Some of Ran’s work uses texts that reflect a diversity of influences. For “Ad Sciendam,” a work for organ and chorus that Ran wrote for the University’s 500th Convocation in 2009, she included Hebrew and Latin passages from the Book of Wisdom. She also used a multilingual approach for one of her most intriguing compositional challenges—a commission by the vocal group Chanticleer to write a movement for a Mass.
Told that her assignment would be to compose the Credo for the Mass, she recalls, “I said to them, ‘You realize I’m Jewish, right?’”
With the opening phrase of the Latin Mass’ Credo as a point of departure, she created a trilingual piece in English, Hebrew, and Latin, drawing from Jewish Liturgy and the philosopher Maimonides, as well as texts about the Holocaust and the Sept. 11 attacks.
“I needed to go beyond beautiful texts,” Ran says. “I needed to ask questions, probe faith in the face of the greatest adversity. How privileged I am that I can address, through my music, things that are important for me, that are outside of myself.”
For Ran, elected to the American Academy of Arts and Sciences in 1992, the power of music to unsettle and console offers endless possibilities.
“I believe that music matters,” she says. “Music for me has an incredible capacity to uplift, transport, make one think, disturb, engage, at times to entertain, at times to provide catharsis.”
‘It always becomes something more’
Marta Ptaszynska began composing at age 4, and followed a rigorous course of training while growing up in her native Poland. That instilled a broad musical vocabulary that she considers essential to her creative work.

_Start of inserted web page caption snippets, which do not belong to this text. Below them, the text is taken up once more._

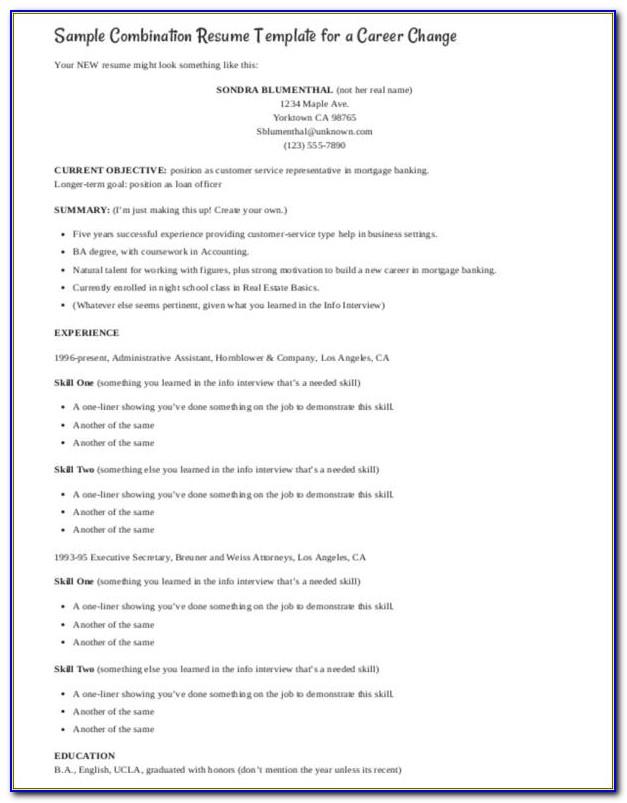 Free Resume Templates For Admin Assistant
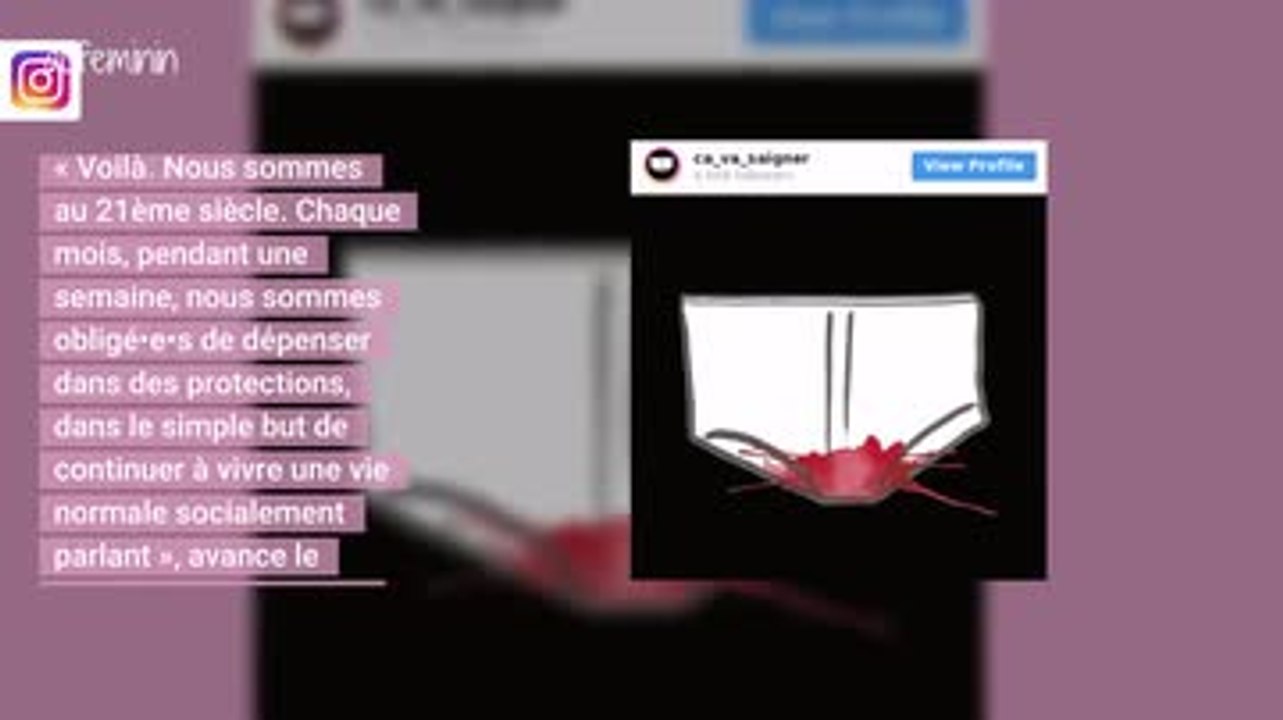“Ça va saigner” : l'appel à laisser couler le sang des règles pour lutter contre la précarité menstruelle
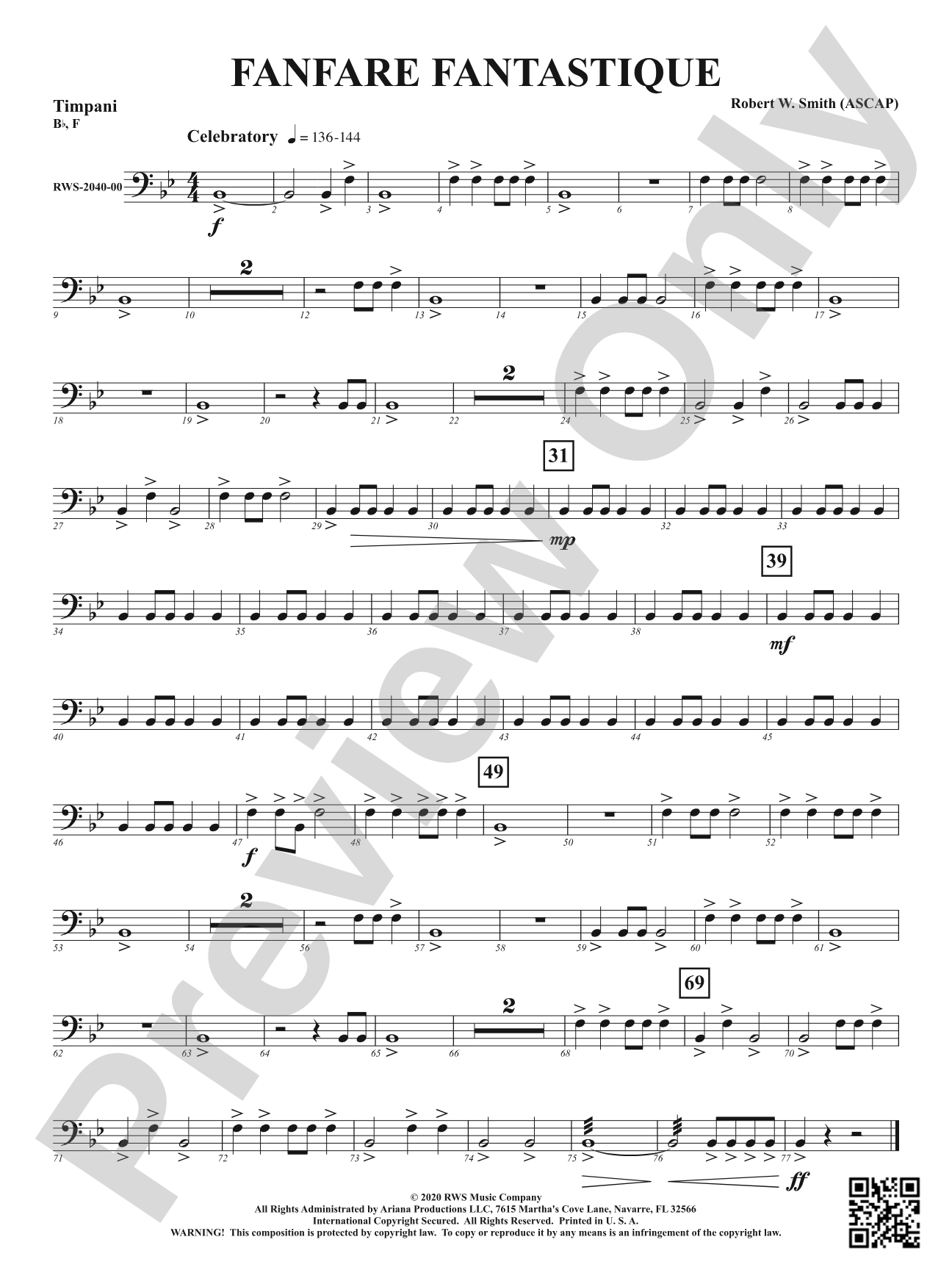 Fanfare Fantastique: Timpani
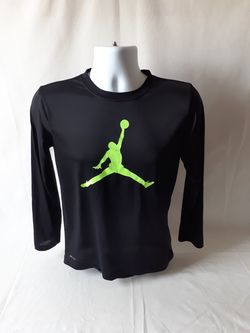 Nike Air Jordan Dri-Fit boys black long sleeve top size L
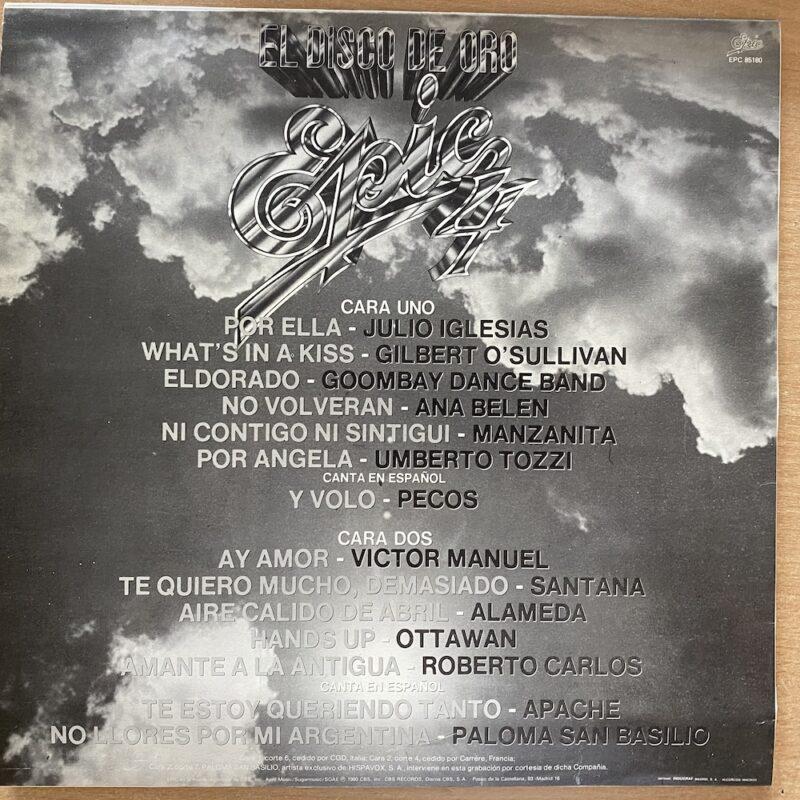 El Disco De Oro Epic4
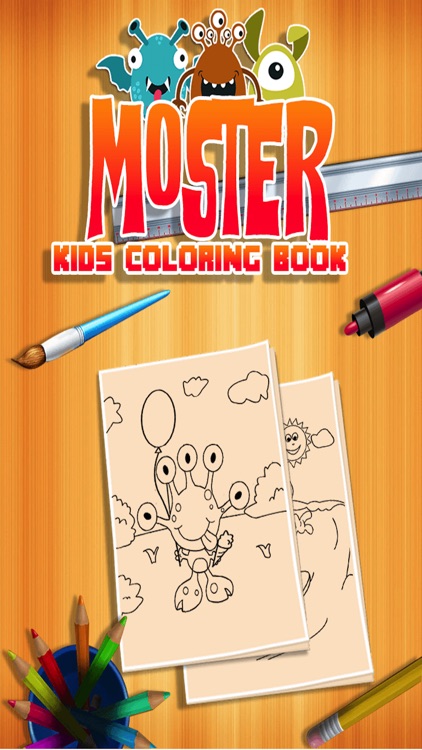 Monster Coloring Books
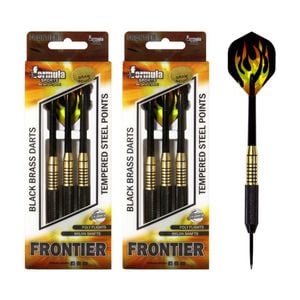 24pc Formula Sports 24g Frontier Black Brass Barrel Dart Tempered Steel Point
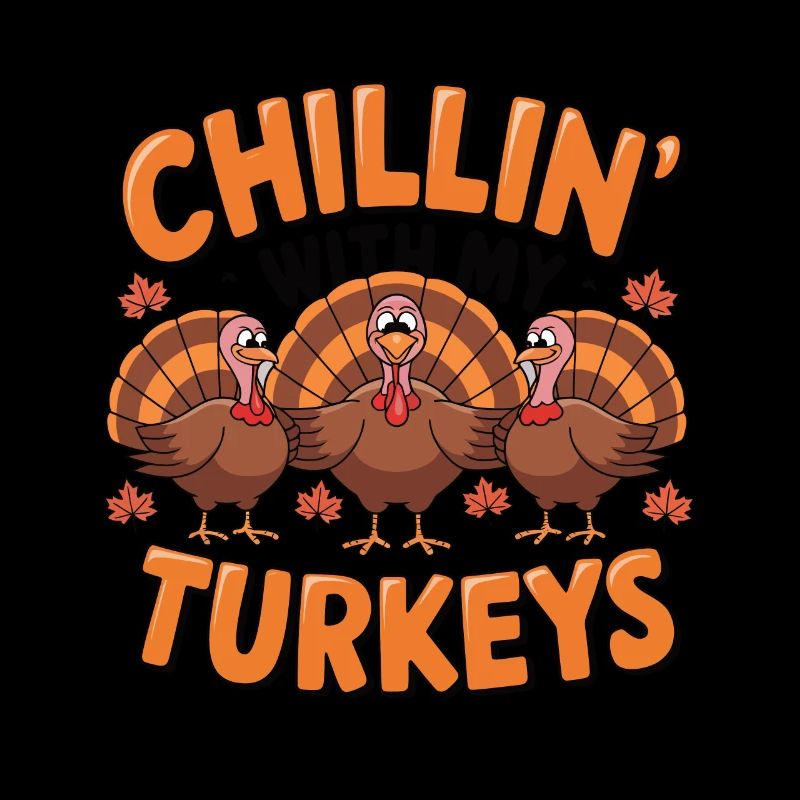 Dinde drôle de Thanksgiving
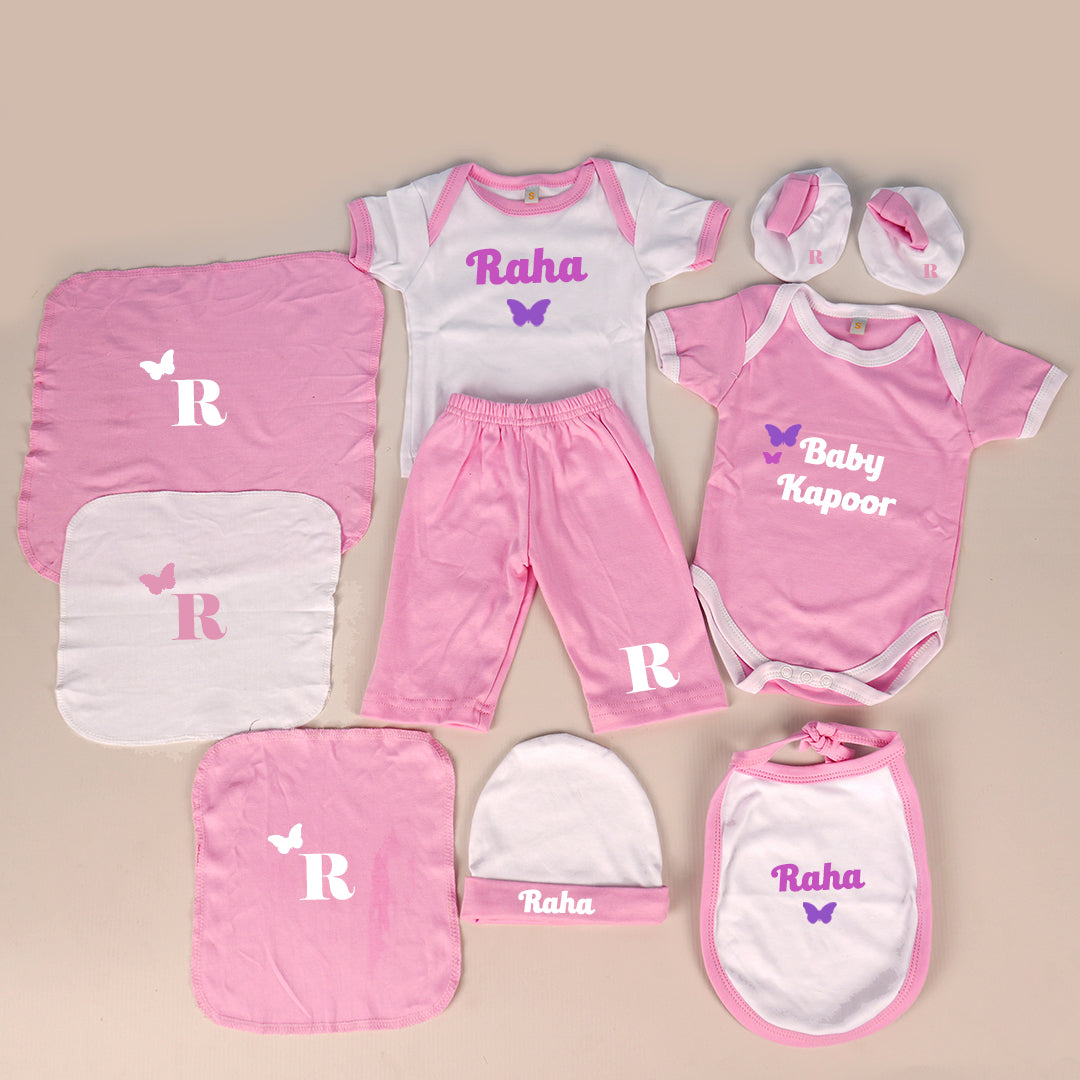 Personalised Gift Set for Baby (PINK)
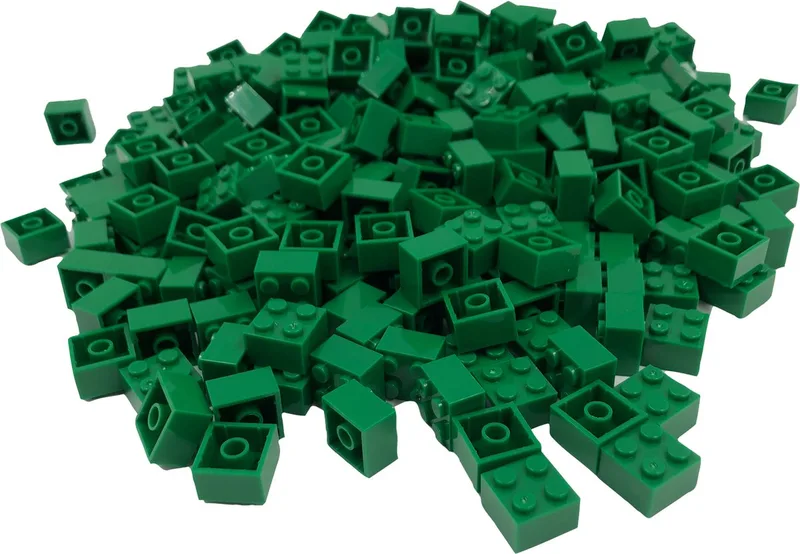 100 Bouwstenen 2x2 | Compatibel met Lego Classic | Keuze uit vele kleuren | SmallBricks von SmallBricks in Groen – Produktfoto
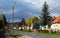 Typical hungarian village in day light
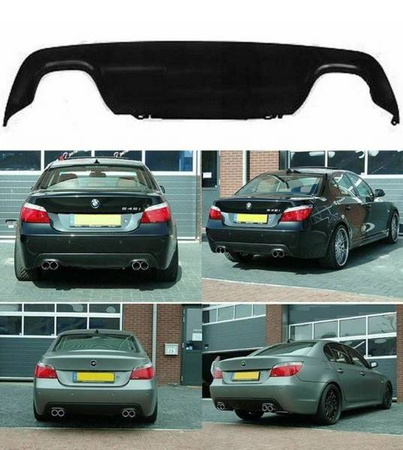 Diffusore BMW e60 e61 s/t duetto m-technik nero lucido.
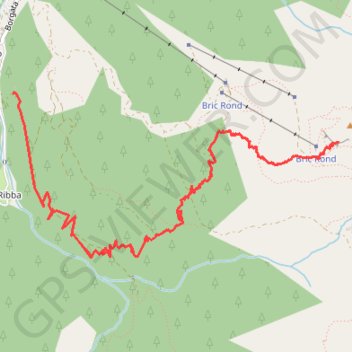 Trace GPS Cappello d'Envie - Bric Rond, itinéraire, parcours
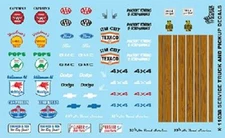 Gofer 11038 x 1/24-1/25 Service Truck & Pickup Logos #2 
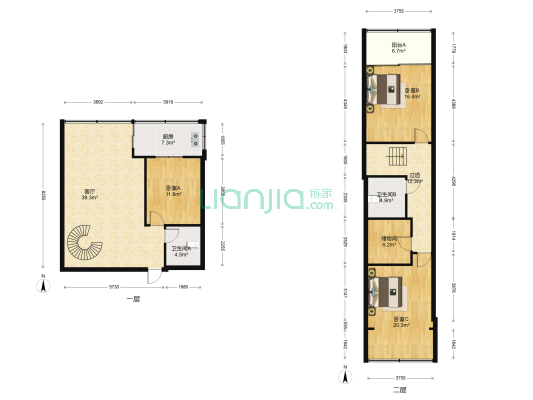 東方豪寓 3室1厅2卫 164平方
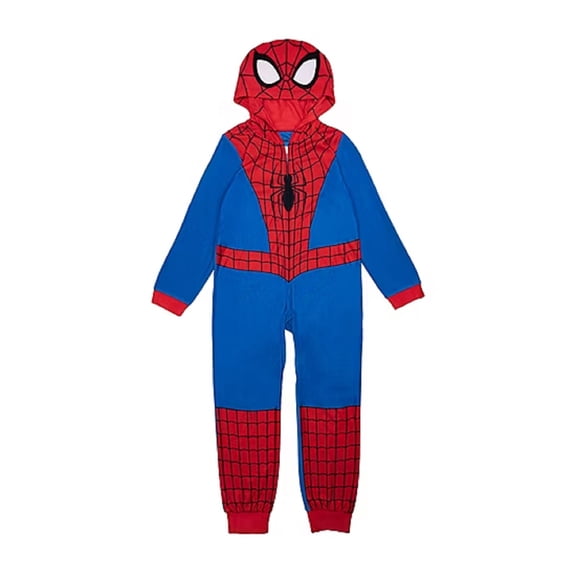 Disney Spider Man One Piece Union Suit Pajamas, Medium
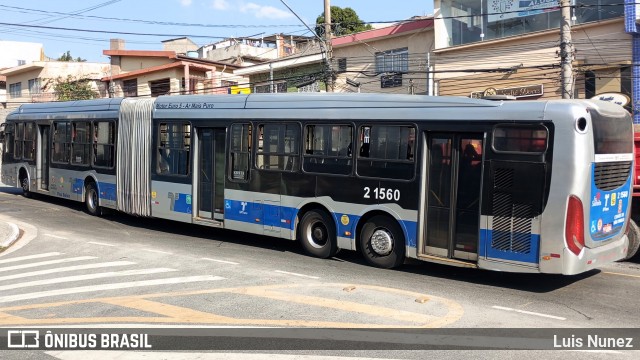 Sambaíba Transportes Urbanos 2 1560 na cidade de São Paulo, São Paulo, Brasil, por Luis Nunez. Número da foto: #12703577.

“Many people have a talent but don’t develop their craft,” she says. “And talent without craft is nothing.”
Her ideas for compositions tend to come as a whole, rather than in bits and pieces. “I never start a piece if I don’t know how the piece will end,” she says. “It’s like buying a train ticket without knowing where you’re going.”
Ptaszynska’s nighttime inspirations often come in a flash, but her hurried notes would be meaningless to an unschooled observer.
“I’ll write down a phrase that represents my idea, like ‘A brilliant stroke of glass,’” says Ptaszynska, a 2010 Guggenheim fellow. “It doesn’t mean anything to anyone else, but when I see those words later I hear the sound.”
For her 2008 piece, “Hymn of the Universe,” Ptaszynska adapted the work of the Catholic philosopher Pierre Teilhard de Chardin. Although she knew from the start what the piece should sound like, she says hearing an actual performance brings her work to life in ways that are invariably surprising.
“The realization of the piece is always much better than what I heard,” Ptaszynska says. “Though I hear the texture, the color of the orchestra in my imagination, it’s when I hear the live orchestral performance that, for me, my music becomes even more rich in sonorities and texture. It always becomes something more.”